Experimental Design
This is a field experiment conducted in a large principles of economics course at a large, comprehensive university. Students are given two Short Writing Assignments (SWA) and there are two types. One assignment, the second (SWA2), will be to answer a set of questions. The other assignment, the first (SWA1), will be for students to grade previous semesters students’ answers.
SWA2: Students will be given a prompt with several questions, and they will need to answer the questions. These assignments are typed. There is no required minimum or maximum length, but they are advised that they do not need more than 250 words. These SWAs are composed in essay form. They are evaluated blindly by the TAs for accuracy and writing quality.
SWA1: Students are given 20 SWAs that were submitted by students from a previous semester. They grade these 20 SWAs on Qualtrics using the same rubric and training that were actually used to grade these old SWAs. The rubric has 10 components, and each is worth from 0 to 10 points for a total of 100 possible points. Students grade each of the 20 SWAs they received using this rubric.

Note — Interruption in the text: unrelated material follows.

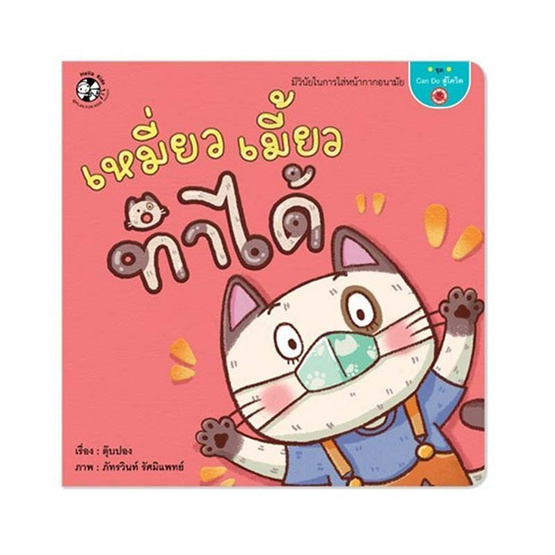 หนังสือ ชุด Can do สู้โควิด - เหมี่ยวเมี้ยวทำได้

TA-assigned grades from previous semester: For each SWA we give students to grade, we already have the total score obtained from the grading from the previous semester. These assignments were randomly assigned to a TA grader and graders were responsible for only grading and did not interact with students in any way. Grading was double-blind such that neither student nor grader was aware of the identity of the other. TA graders were provided the same standard rubric of ten elements, all valued at ten points each. In order to obtain more precise measures of SWA grades from the previous semester, each SWA was regraded blindly by two additional randomly-assigned graders after the end of the previous semester. That is, there are 3 different blindly graded scores by 3 different TAs and the average of these 3 grades serves as a benchmark. We call this the "correct" score and students were told to match the correct score without knowing the specific calculation of it. They were only told that the correct scores were obtained blindly by several TAs and the instructor in the previous semester.

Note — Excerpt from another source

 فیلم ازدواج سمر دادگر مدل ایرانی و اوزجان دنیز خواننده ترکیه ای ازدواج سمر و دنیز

In SWA1, students are incentivized to do their best in grading these 20 SWAs by matching the "correct" scores. They are instructed that their grade will be calculated as follows:
We will compare the total score a student gave each of the 20 SWAs they graded to the correct total score on each SWA. If their total is within ± 3, they get 5 points for that SWA; if it is within ± 5, they get 4 points for that SWA; if it is within ± 7, they get 3 points for that SWA; if it is within ± 9, they get 2 points for that SWA; and, if it is within ± 11, they get 1 point for that SWA. Plus, they get 1 bonus point if their score exactly matches the correct score. We do this procedure for all 20 of their graded SWAs and their total number of points will be their score on SWA1.
On the day of assignment opening, students received instructions both on the Canvas site and in lecture on how to complete the assignment. These instructions included how to access the Qualtrics survey, an overview of the prompt and rubric, four sample submissions with writing quality scores, an in-lecture demonstration of completing the survey, and a description of how they would be evaluated. Students were invited to ask questions both in lecture and through email. The in-class demonstration and sample submissions included submissions that were excluded from the randomization pool.
The deadlines for the SWAs are as follows and everyone is granted an automatic, no-penalty one-day extension. SWA1 will open on at 11:00 am on June 3, 2024 and the deadline will be June 6 at 11:59pm. Although, if the student needs it, there is the automatic extension to 11:59pm June 7th.
The process of assigning 20 SWAs:
The randomization pool of 600 previously graded SWAs was created from a pool of 845 real submissions from Spring 2024. Only properly submitted anonymous assignments were selected. Regraded assignments and those with outlier scores for certain rubric elements were also excluded. Of the remaining 770 submissions, 600 were selected at random to serve as the randomization pool. Each assignment was randomly assigned to one of twenty "banks," which would consist of two versions of each submission: one with a randomly-chosen male-sounding first name (with replacement) and one with a randomly-chosen female-sounding name (with replacement). Last initials were also randomly assigned at the file-level (with replacement).
Qualtrics chooses a "bank" at random (without replacement) to display and then chooses a file at random within that bank to present to the student. It is therefore not possible for a student to observe the same file twice. However, a student could potentially observe the same first name with different last initials for different files.
In addition to student responses, Qualtrics also collects metadata including browser name and device type, time spent on each page, time stamps for each click on the rubric and file, and the order in which the questions appeared and answered.
Name selection: We compiled a list of 300 names to use for the random names on the short writing assignments. The list was compiled first by collecting the Spring 2024 course roster and using R's gender package to predict gender by first name. After keeping only those that were >98% or <2% probability female and appeared at least 1000 times in the R database. We also manually removed some names that were not obviously one gender.
Restricting the analysis: If students do not submit the SWA1 (grading of 20 SWAs from previous semester) by the end of the extension, they receive a zero for the score. Any late or incomplete submissions will not be included in our analysis.